We do have sunlight. Certainly not as much as some areas of the country, but we have an abundance enough that we could put out what is currently the largest array in the state of Georgia.

That’s all good stuff, except this wasn’t the biggest solar array in the state even the last time Mayor Fretti stood on the same spot and said the same thing.

Maybe he (and everyone) should double-check what VLCIA tells him.

Brad Lofton knew about the larger solar array in Dalton, Georgia back in January, because I told him. Lofton was still going around bragging about it in February. Apparently Col. Ricketts hasn’t bothered to tell Mayor Fretti even though Lofton is gone.

And, truthfully, I think Crawford and I have talked, if somebody makes a larger array, we hope to come back and expand on this one, because we’re a little competitive and we like to be the largest in Valdosta.
Time to get cracking on making the local solar array larger!
But we can convert to solar into an alternative energy source and put it on the grid for our electric utilities to have a choice, a better choice for alternative electricity.

We don’t have a river next to us either for hydroelectric, so we use what we have. And as Mr. Copeland said, perhaps we can figure out how to convert these gnats into energy; we have a lot of those.

We’re proud that our area was the first are to recognize this, to recognize that Hannah Solar had a product that would work here, and to brag that we are the first and largest solar array in the state of Georgia.

It may be the first large array Hannah Solar has done, but I heard Pete Marte of Hannah Solar having to correct what WCTV wrote down that Mayor Fretti said about this being the largest array in the state. Everybody knows that’s not true, except people who believe what VLCIA tells them.
It looks and appears like it’s a win for everyone, and we’re glad for that.
Yes, it is a win for everyone. And we should celebrate that.
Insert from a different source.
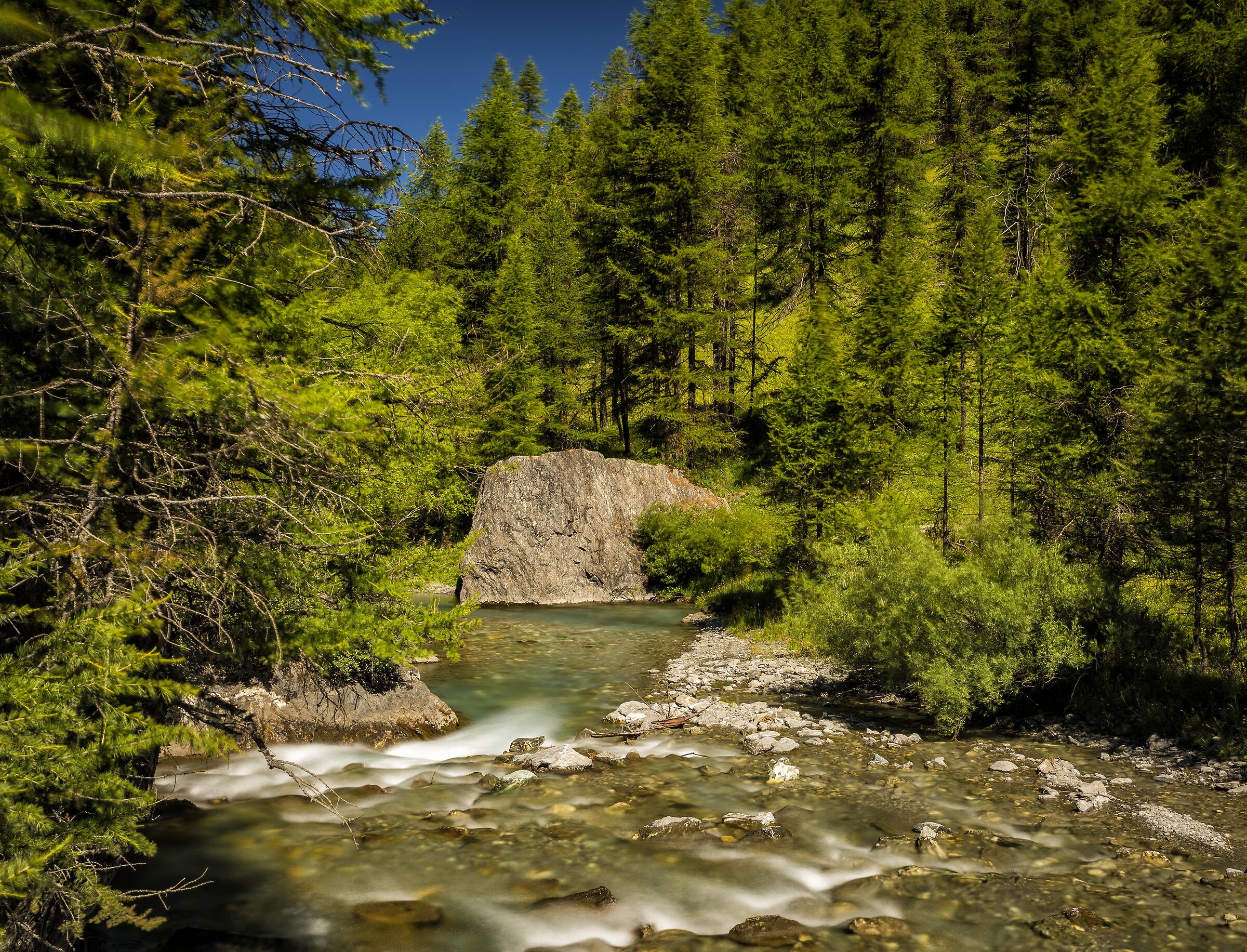 Torrente in Val Argentera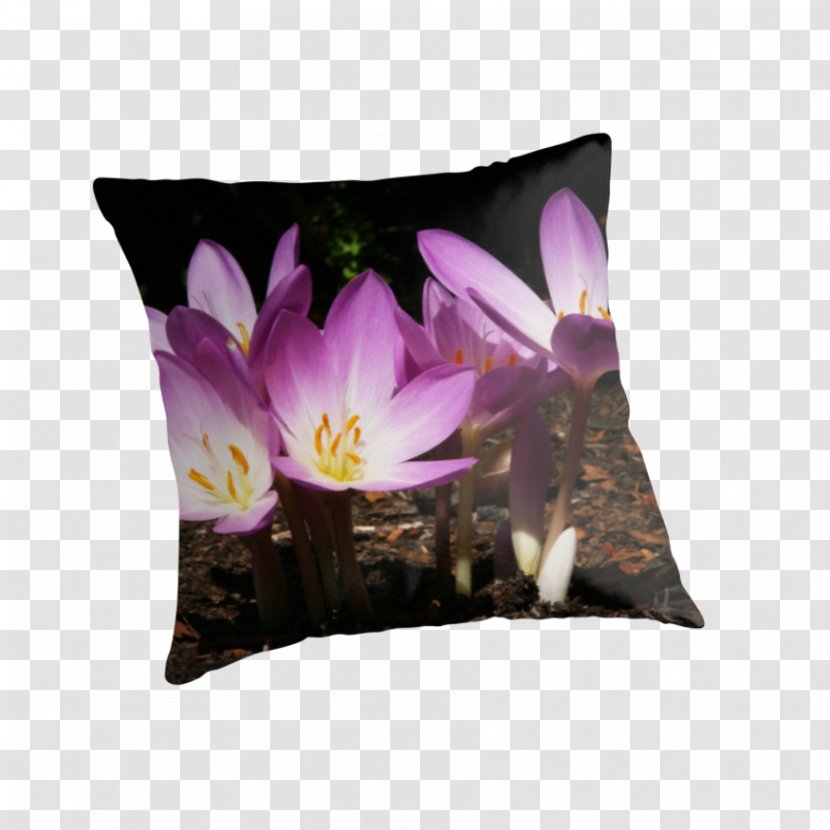 Throw Pillows Cushion Violet Flowering Plant - Pillow - Certificate Of Shading Transparent PNG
But why make everyone look like doofuses by repeating something that wasn’t true months ago?

Here’s the video:


come back and expand on this one —Valdosta Mayor John Fretti
Commissioning Ceremony,
Wiregrass Solar, Valdosta-Lowndes County Industrial Authority (VLCIA),
Valdosta, Lowndes County, Georgia, 12 May 2011.
Videos by John S. Quarterman for LAKE, the Lowndes Area Knowledge Exchange.

-jsq

One thought on “Come back and expand on this one —Valdosta Mayor John Fretti

  1. Leigh Touchton

    Thank you for clarifying about the size of the solar array, Mr. Quarterman. When Mayor Fretti said that I wondered what he was talking about. Pete Marte said they could easily have built one ten times as large as this one. Pete Marte also told me the array is warranted for at least 25 years, these panels are virtually maintenance free.